WHAT YOU NEED TO DO:
Write out, with no changes, every line starting at the one that contains "Ryuu Black &" and ending at the last line of the data below. Leave pictures out.

INPUT DATA:
==*==
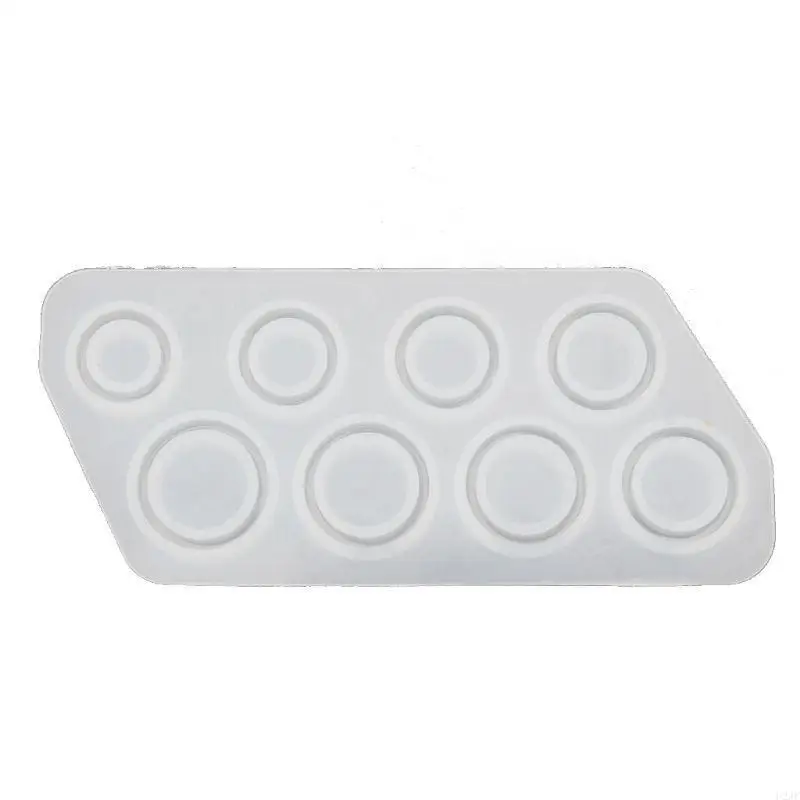 8 Pcs/set Resin Ring Molds Silicone Ring Molds Assorted Sizes Ring Casting Mold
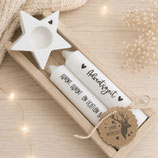 Geschenkset Kerzen klein "Adventszeit"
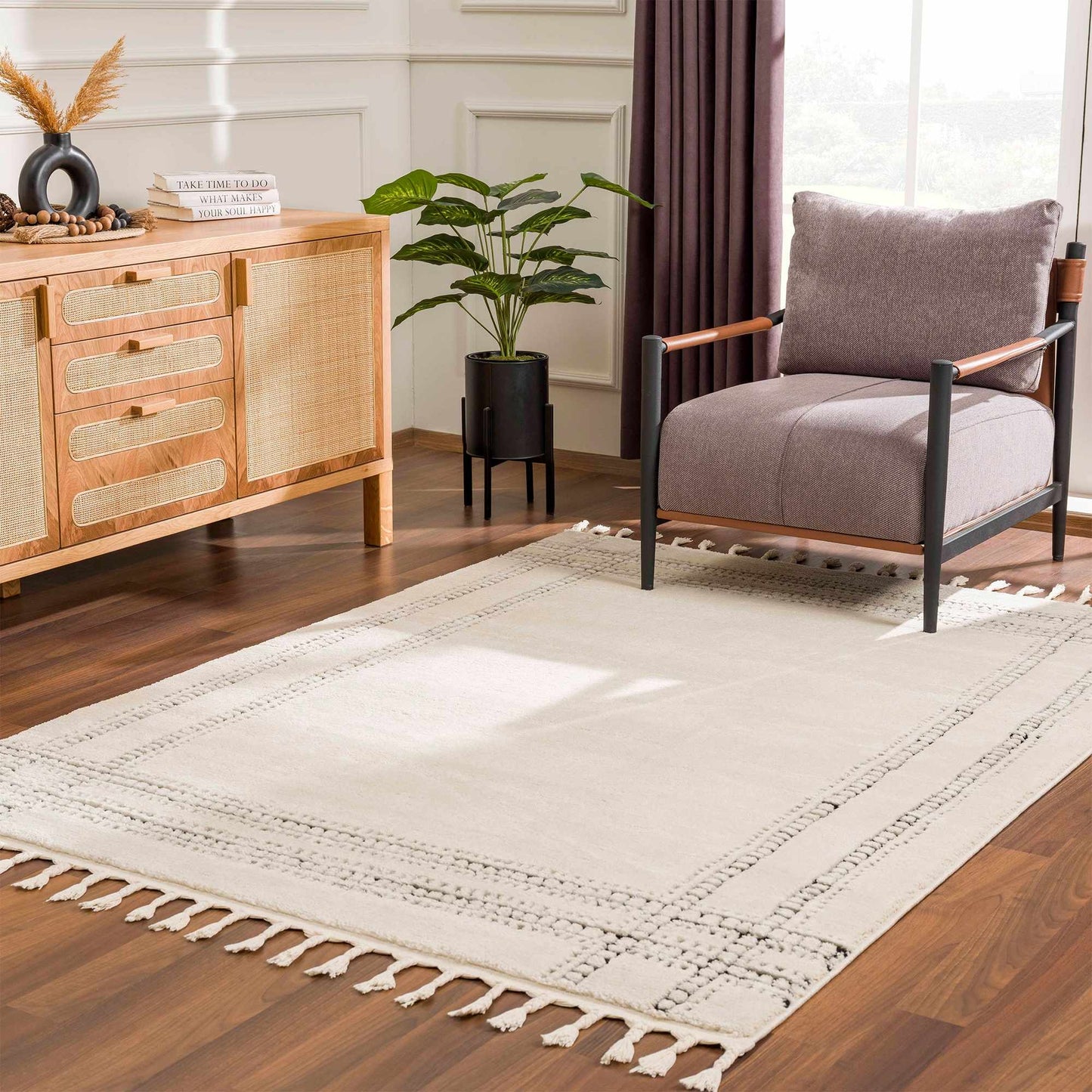 Ryuu Black & White Area Rug - Quahog Bay Bedding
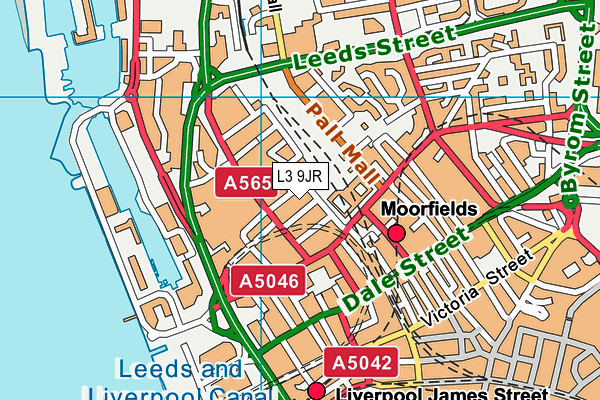 L3 9JR map - OS VectorMap District (Ordnance Survey)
==*==
TASK RESULT:
 Ryuu Black & White Area Rug - Quahog Bay Bedding
 L3 9JR map - OS VectorMap District (Ordnance Survey)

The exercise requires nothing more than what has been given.